Nearly two dozen residents aired frustrations to the City Council and mayor, saying authorities left them feeling "like caged animals" with an overwhelming presence at Monday’s after-parade party — a dragnet they believed had racist undertones.
"For blocks and blocks and blocks, just police cars and yellow tape. People actually thought a crime had happened," community organizer Jabaar Edmond said before the meeting. He doubted officers would have taken the same approach in whiter neighborhoods: "This is a small glimpse into the rationale behind a lot of proactive policing and a lot of racial policies and practices that continue to this day here in St. Pete and abroad."

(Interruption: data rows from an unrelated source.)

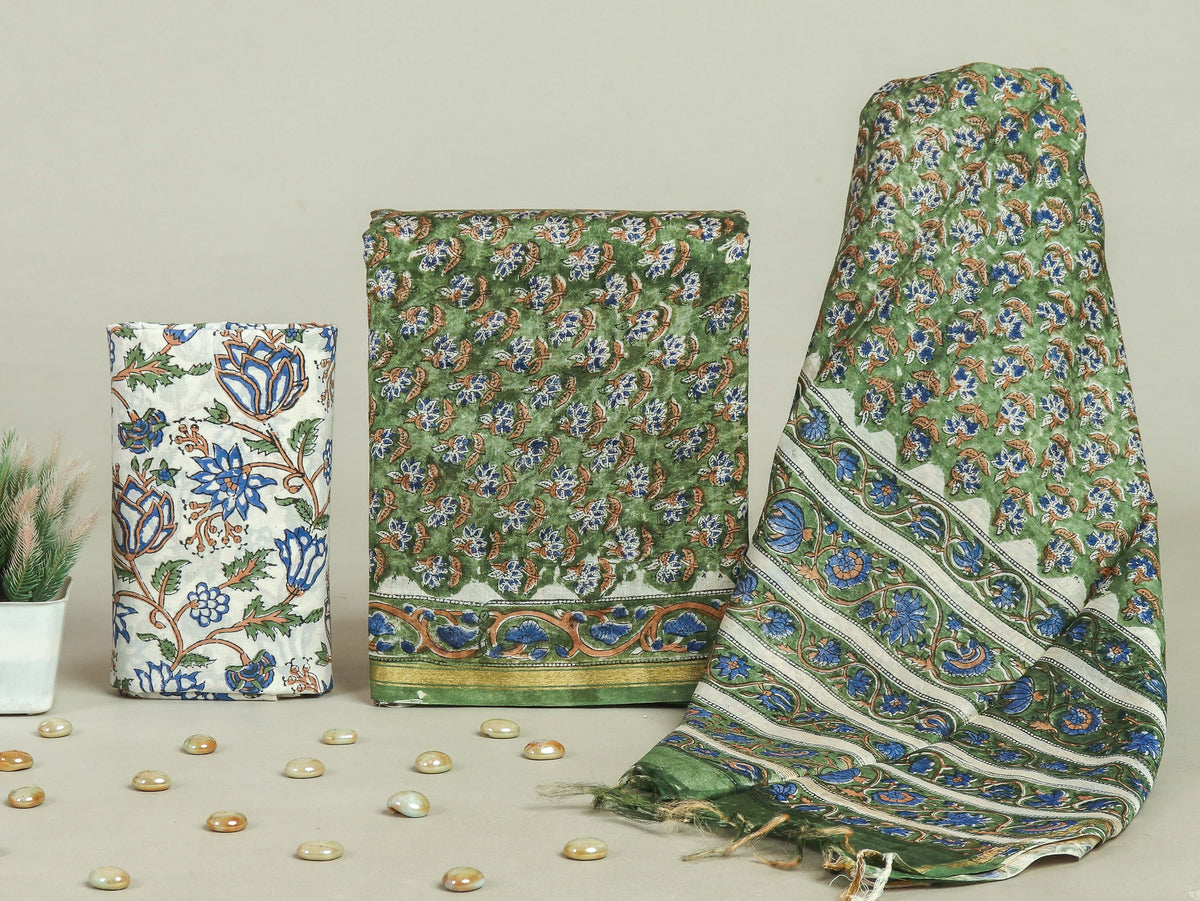 Beautiful Chanderi Silk Suits with Chanderi Silk Dupatta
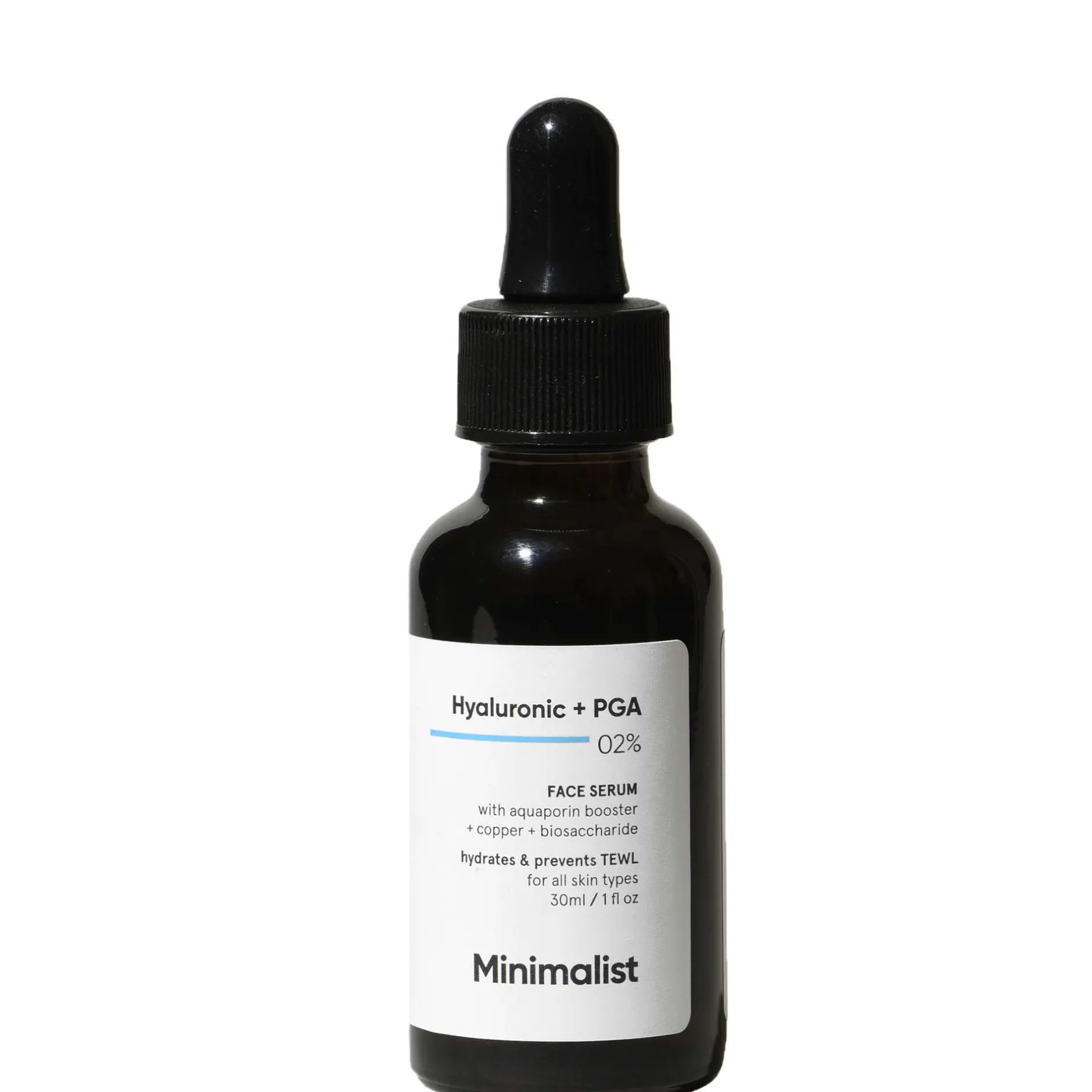 Minimalist Skin Care Hyaluronic + PGA 02% Face Serum 30ml Clearance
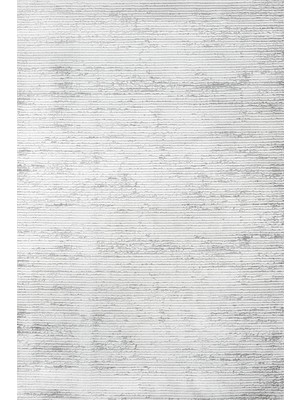 Bespoky 80x150 cm Gri Beyaz Çizgili Modern Soyut Yıkanabilir Halı | Yatak Odası Mutfak Halısı | Leke Tutmayan, Kaymaz | ARTEMİS_ARTEX-5855A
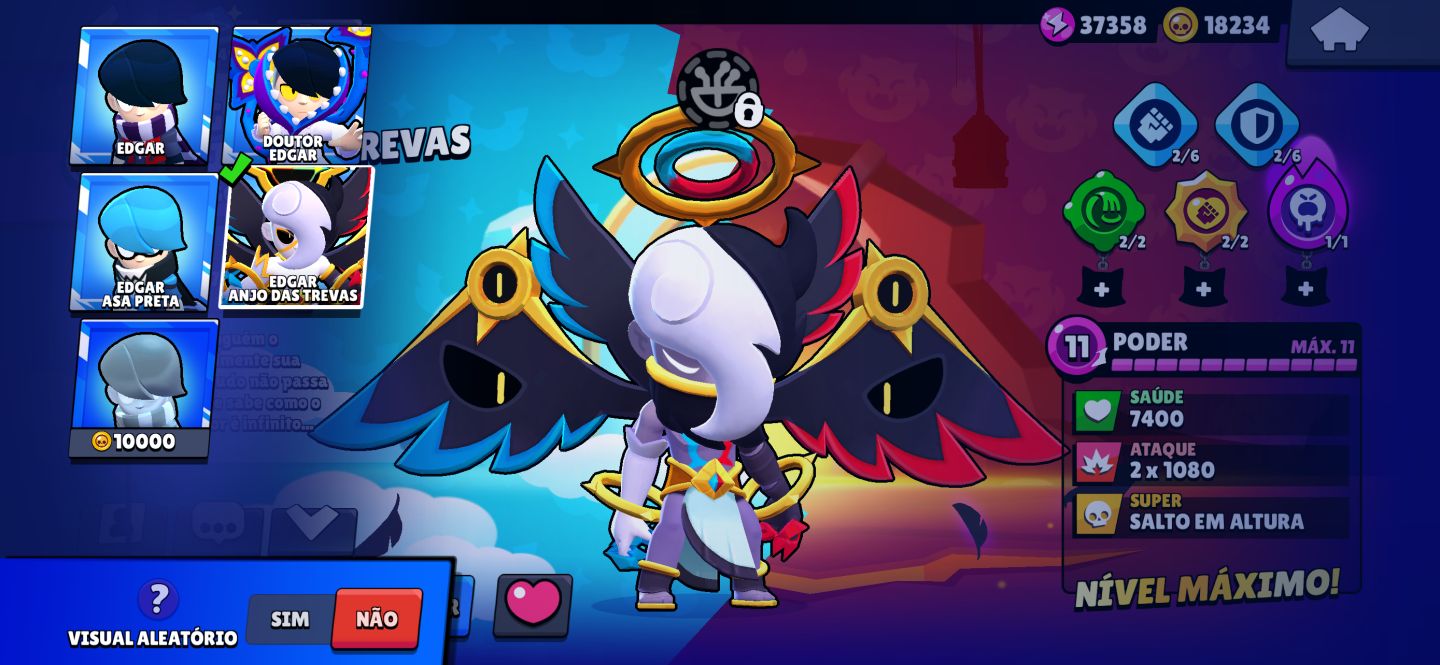 Conta main fang com skin fang furioso e fang midorya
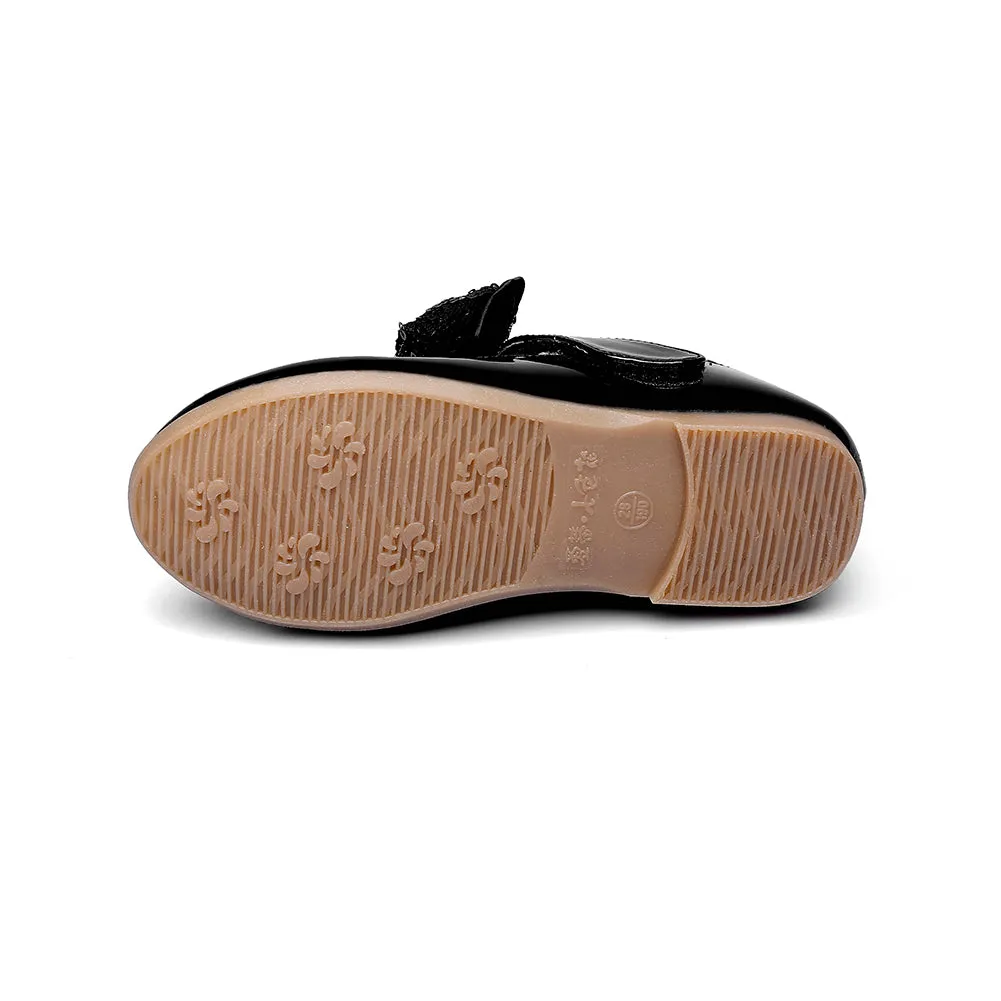 Girls PU Fashion Dress Flat Walking shoes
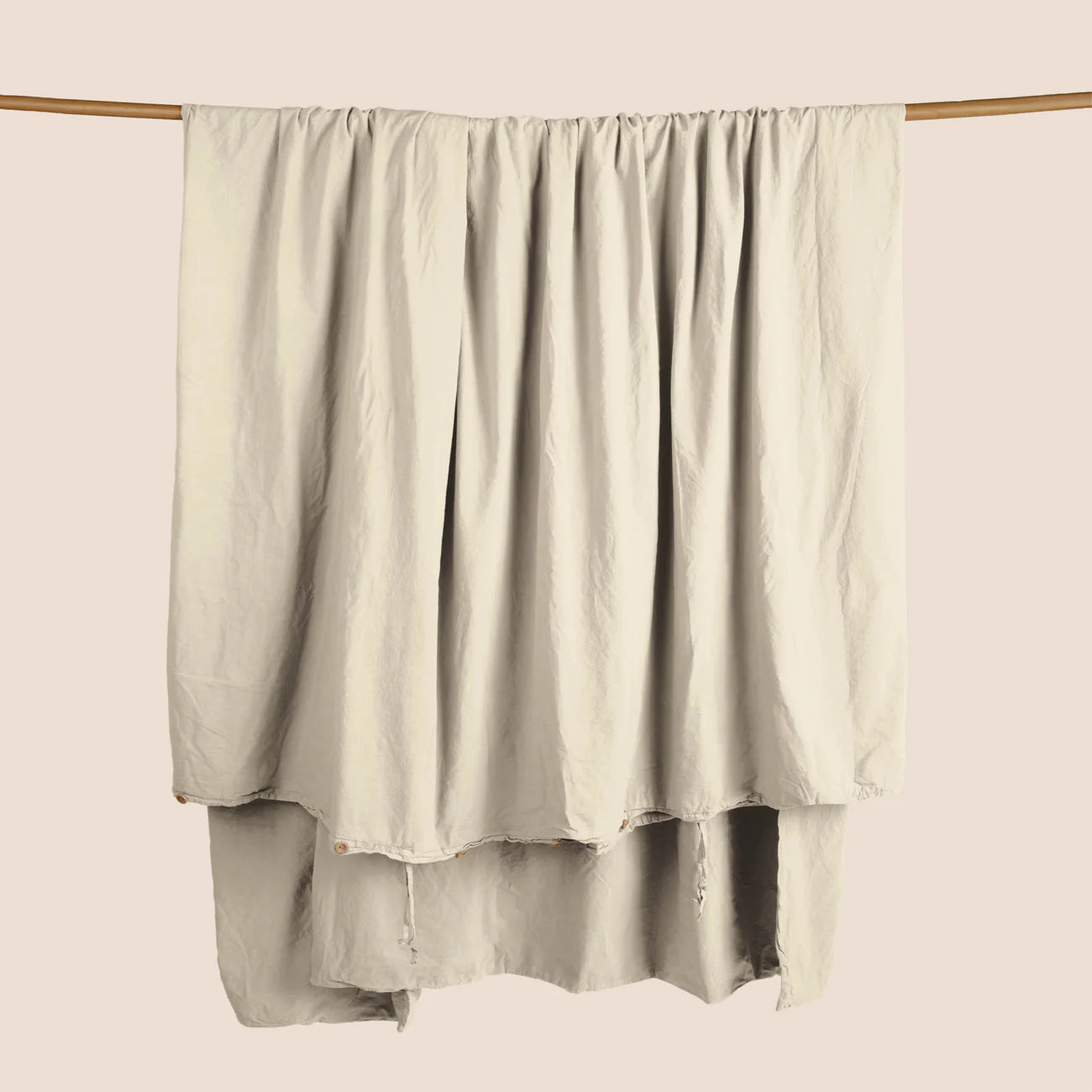 Dr. Weil Garment Washed Percale Duvet Cover, Ecru
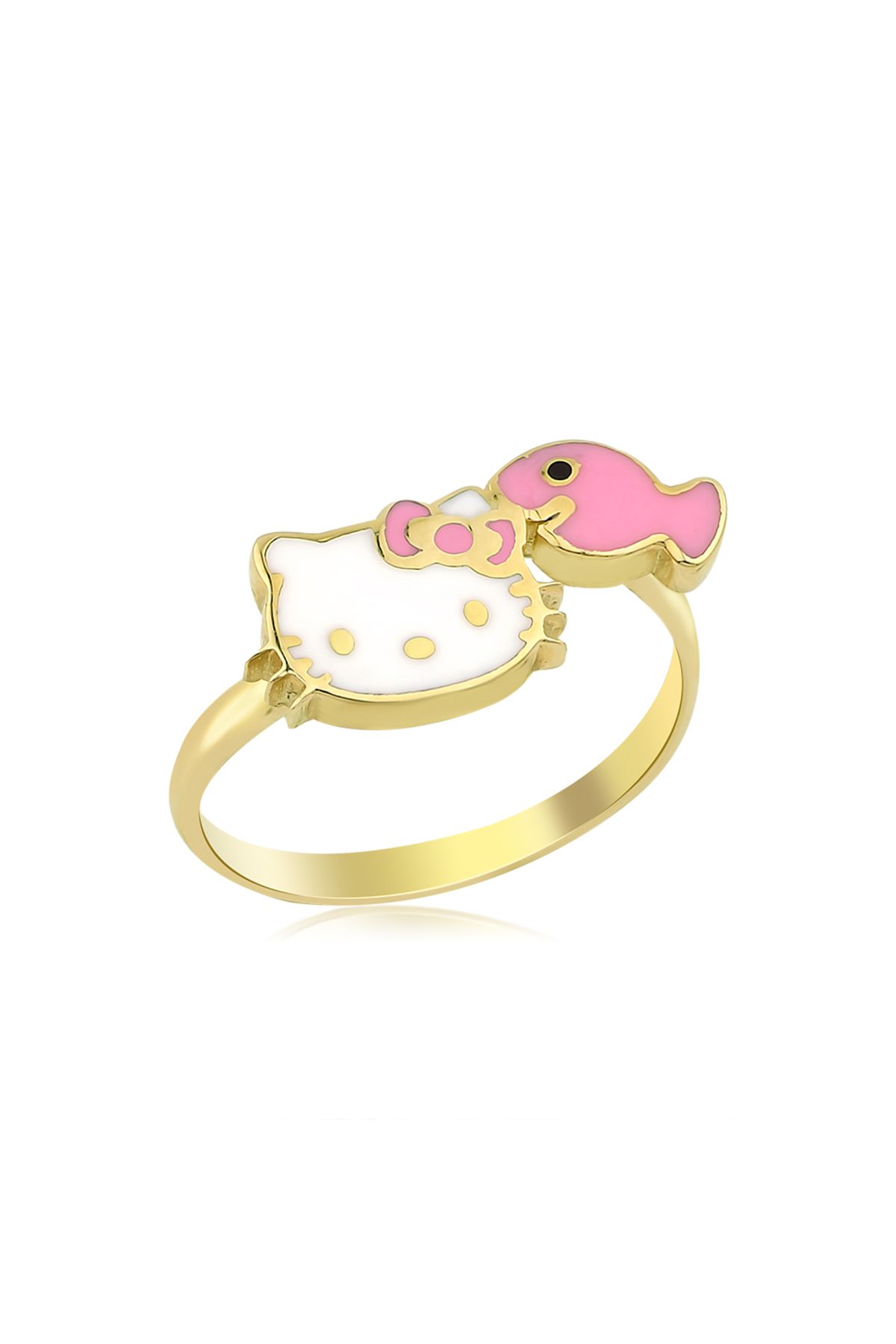 Hello Kitty Altın Yüzük Yz0356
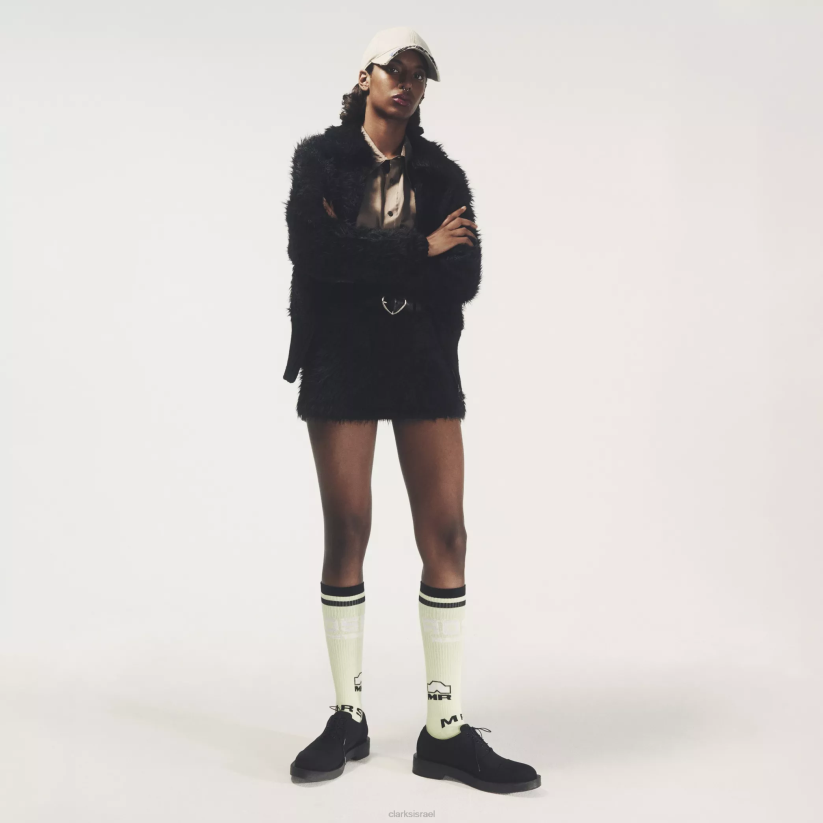 V268205 טקסטיל שחור Clarks מרטין רוז נשים 2 אוקספורד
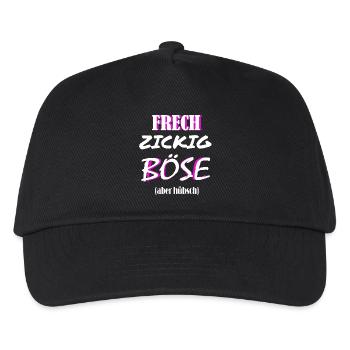 Cheeky, and evil? but pretty - Kids’ Baseball Cap - black - Front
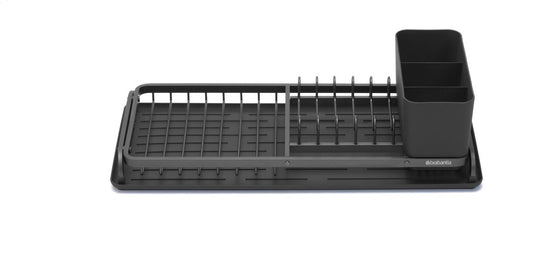 Brabantia sinkside afdruiprek compact - met bestekhouder - dark grey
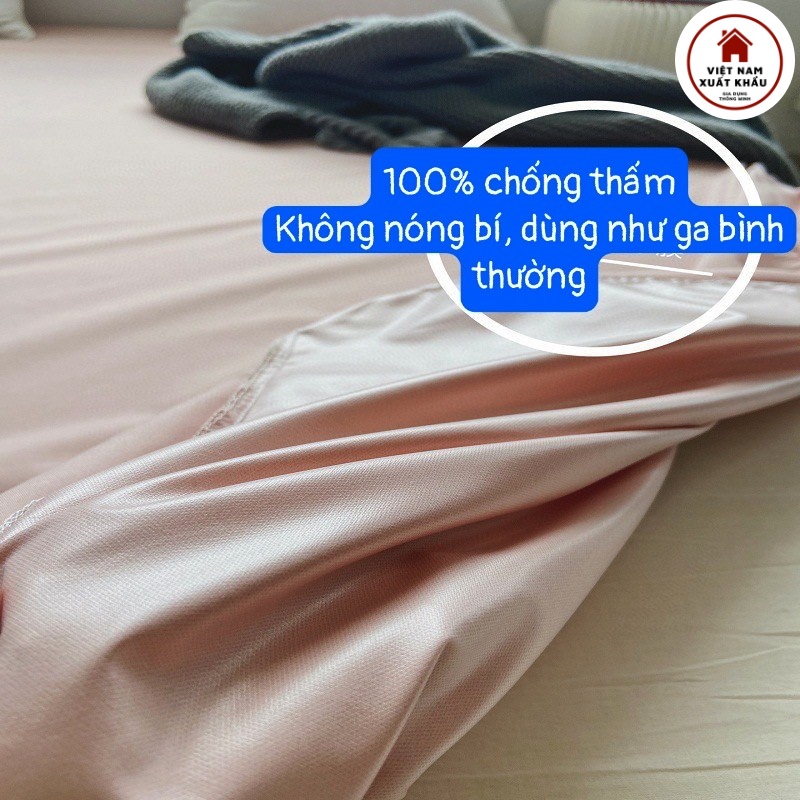 Ga Chống Thấm 2 Lớp, Bộ Drap Trải Giường Hàng M.U.J.L Xuất Nhật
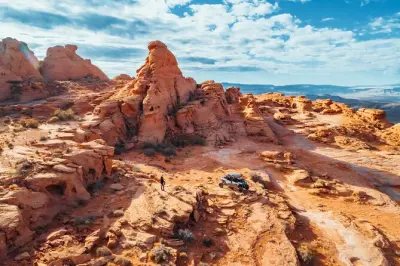 Guida UTV vicino a Hurricane: Rock crawling a West Rim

St. Petersburg police Chief Tony Holloway said his department positioned officers across Midtown this year rather than waiting for trouble calls from the after-parade celebration. Holloway, who is black, said the effort was not racially motivated. He said there were as many officers out as in previous years, they were just more visible, and the department approaches the King Day celebration the same way it handles events such as St. Pete Pride, Fourth of July and opening day at Tropicana Field.
The strategy, he said, was an example of effective proactive policing, a response to community concerns about noise and reckless driving around the party, which does not have a city permit. Instead of dispersing loud crowds deep into the night, the chief said, officers cleared the neighborhood by 9:30 p.m.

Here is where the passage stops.